Accra, Jan. 14, GNA - The National Road Safety Authority (NRSA) has urged authorities of basic schools that offer transport services for pupils to use fit-for-purpose buses.
The Authority also asked them to engage qualified drivers to transport school children under the supervision of adult bus conductors.
It said that had become necessary because it observed that some buses providing transport services for pupils across the country were not road worthy and drivers, defiant to road safety regulations.
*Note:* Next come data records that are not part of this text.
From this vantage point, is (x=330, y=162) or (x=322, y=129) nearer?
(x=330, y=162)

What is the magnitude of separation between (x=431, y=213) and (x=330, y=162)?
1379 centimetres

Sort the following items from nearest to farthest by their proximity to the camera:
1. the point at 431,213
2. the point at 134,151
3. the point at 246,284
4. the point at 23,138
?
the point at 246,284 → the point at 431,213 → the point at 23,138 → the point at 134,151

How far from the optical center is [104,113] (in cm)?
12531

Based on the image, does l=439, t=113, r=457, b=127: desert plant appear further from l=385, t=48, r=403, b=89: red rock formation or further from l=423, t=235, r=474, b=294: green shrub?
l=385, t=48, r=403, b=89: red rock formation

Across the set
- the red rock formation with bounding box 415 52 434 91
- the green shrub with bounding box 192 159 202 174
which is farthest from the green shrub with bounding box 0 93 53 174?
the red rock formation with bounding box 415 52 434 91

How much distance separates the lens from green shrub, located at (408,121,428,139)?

“Generally, the buses appear rickety, with sub-standard tires and seats, without seatbelts and retro-reflective tapes contrary to Regulations 5, 62 and 80, 119 Road Traffic Regulation, 2012 (L.I. 2180), respectively,” a statement, jointly issued by Mr Kwame Koduah Atuahene, Acting Director, Regulations and Compliance of the NRSA and Madam Pearl Adesu Gyasi, Head, Corporate Affairs, NRSA, said.
Contrary to Regulation 156 of L.I, 2180, the NRSA said it had observed that some school buses were often overloaded with drivers stopping at unsafe areas to pick up the children, stating that many of those buses also had no adult supervisors aboard.
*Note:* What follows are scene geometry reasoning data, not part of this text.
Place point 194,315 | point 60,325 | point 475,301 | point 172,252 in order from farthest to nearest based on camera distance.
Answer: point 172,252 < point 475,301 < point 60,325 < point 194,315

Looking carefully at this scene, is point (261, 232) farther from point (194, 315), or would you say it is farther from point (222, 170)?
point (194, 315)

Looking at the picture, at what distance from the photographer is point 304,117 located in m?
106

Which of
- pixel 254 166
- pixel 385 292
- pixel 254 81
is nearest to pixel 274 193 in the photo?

The statement said the Authority also observed that some schoolchildren attending schools sited along roads in high traffic environments, struggled to cross the road to and from school without any assistance.
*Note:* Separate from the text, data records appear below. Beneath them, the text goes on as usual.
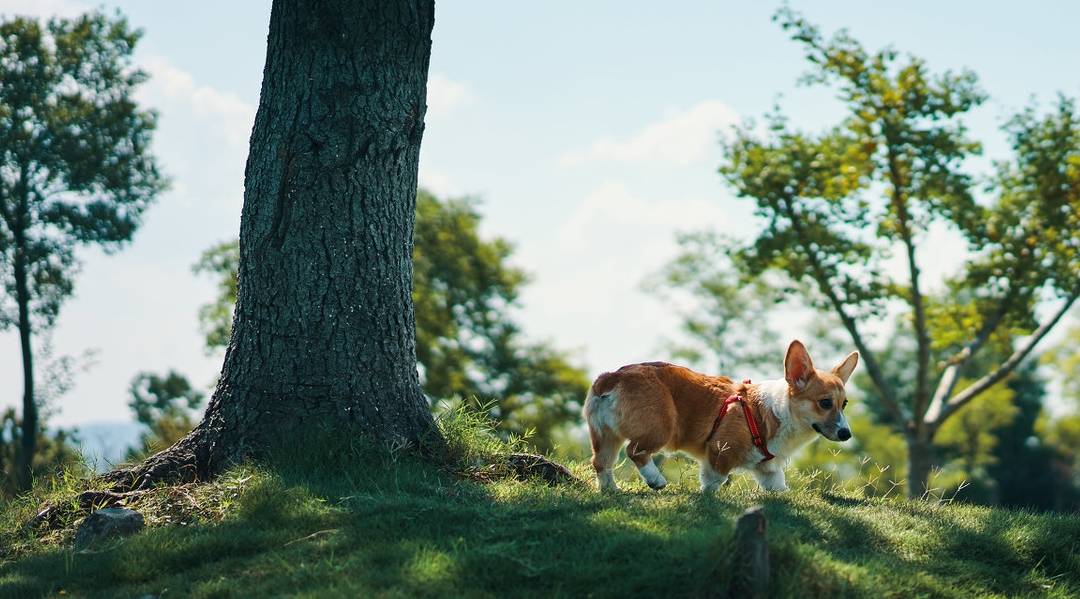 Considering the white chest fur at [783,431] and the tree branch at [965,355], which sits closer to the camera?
the white chest fur at [783,431]

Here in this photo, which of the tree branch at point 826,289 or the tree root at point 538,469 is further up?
the tree branch at point 826,289

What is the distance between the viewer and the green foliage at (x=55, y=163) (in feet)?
84.2

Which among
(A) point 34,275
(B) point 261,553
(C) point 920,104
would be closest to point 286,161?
(B) point 261,553

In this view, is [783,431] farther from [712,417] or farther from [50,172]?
Result: [50,172]

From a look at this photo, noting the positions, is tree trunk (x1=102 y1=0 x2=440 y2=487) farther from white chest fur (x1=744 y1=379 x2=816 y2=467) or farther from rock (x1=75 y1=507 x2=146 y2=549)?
white chest fur (x1=744 y1=379 x2=816 y2=467)

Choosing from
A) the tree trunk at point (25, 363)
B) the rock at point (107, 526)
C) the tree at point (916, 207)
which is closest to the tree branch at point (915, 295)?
the tree at point (916, 207)

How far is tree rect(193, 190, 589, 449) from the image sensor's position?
117 ft

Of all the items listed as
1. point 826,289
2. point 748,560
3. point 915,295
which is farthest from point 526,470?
point 915,295

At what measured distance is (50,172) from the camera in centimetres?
2602

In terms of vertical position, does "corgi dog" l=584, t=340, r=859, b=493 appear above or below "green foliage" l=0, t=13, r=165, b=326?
below

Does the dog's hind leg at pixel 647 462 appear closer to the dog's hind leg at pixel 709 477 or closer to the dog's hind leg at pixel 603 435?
the dog's hind leg at pixel 603 435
It said those conditions increased the risks of children to road traffic Crashes, Injuries and Deaths (CIDs) as bus occupants and children pedestrians.
The Authority, therefore asked that, “schools located by major roads (in urban environments and on highways) collaborate with their Assemblies, Parent-Teacher Association (PTAs) and School Management Committers (SMCs) to designate traffic wardens who shall assist the school children to cross the road during the peak hours.”
In compliance with those directives, therefore, the Authority said it expected all schools affected by those road safety measures to submit to the Authority on or before February 28, 2022, the relevant information on the details of their drivers and vehicles assigned for the transport service and traffic warden nominated.
It warned that the Authority would not hesitate to impose the necessary Administrative Penalties and other sanctions provided by the National Road Safety Authority Act, 2019 (Act 993) to enforce the directives to improve road safety in the country.
A report by the Motor Transport and Traffic Department (MTTD) of the Ghana Police Service, said a total of 831 pedestrians were killed in road crashes in 2021 - a 7.40 per cent increase over the 2020 figure of 720.
Out of the number, 2,930 pedestrian knockdowns recorded in 2021, including school children, 2099 of them were injured – a plummet of the 2020 figure of 2728 injuries.
The report said a total 2,924 lives were lost nationwide through road crashes in 2021.
Out of the number of persons killed, 262 were males below 18, 2119 males above 18, while 137 of the number were females below 18 and 406 females above 18 years.
Basic schools will reopen across the country on January 18, 2022, according to reports from the Ghana Education Service.